*** STORED DATA Section Begins ***

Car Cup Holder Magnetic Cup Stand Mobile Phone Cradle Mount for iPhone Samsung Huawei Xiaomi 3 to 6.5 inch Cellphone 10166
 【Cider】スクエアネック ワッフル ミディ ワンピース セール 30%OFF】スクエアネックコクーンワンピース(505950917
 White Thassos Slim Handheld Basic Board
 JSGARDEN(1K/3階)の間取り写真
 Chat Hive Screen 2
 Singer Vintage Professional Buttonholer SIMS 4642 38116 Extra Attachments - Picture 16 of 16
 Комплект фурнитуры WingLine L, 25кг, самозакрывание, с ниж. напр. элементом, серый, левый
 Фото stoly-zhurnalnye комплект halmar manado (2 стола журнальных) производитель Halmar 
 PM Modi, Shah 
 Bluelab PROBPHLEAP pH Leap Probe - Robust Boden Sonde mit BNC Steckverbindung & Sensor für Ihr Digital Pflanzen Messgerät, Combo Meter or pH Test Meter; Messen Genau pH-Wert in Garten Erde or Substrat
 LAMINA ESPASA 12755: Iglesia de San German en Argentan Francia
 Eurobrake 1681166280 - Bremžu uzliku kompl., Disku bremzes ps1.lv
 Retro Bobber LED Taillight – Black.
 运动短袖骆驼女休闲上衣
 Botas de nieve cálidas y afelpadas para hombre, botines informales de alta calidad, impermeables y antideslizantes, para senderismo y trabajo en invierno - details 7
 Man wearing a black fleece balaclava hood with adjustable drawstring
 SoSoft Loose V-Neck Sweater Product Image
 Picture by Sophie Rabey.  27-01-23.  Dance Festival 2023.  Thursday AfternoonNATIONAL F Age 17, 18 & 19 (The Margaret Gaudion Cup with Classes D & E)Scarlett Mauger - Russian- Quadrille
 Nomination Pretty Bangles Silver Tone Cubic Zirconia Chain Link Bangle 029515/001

*** STORED DATA Section Ends ***

■ **EXERCISE DETAILS**
Search the entries above for "with". Show every line that has it.

■ **THE COMPLETED TASK**
 Man wearing a black fleece balaclava hood with adjustable drawstring
 Picture by Sophie Rabey.  27-01-23.  Dance Festival 2023.  Thursday AfternoonNATIONAL F Age 17, 18 & 19 (The Margaret Gaudion Cup with Classes D & E)Scarlett Mauger - Russian- Quadrille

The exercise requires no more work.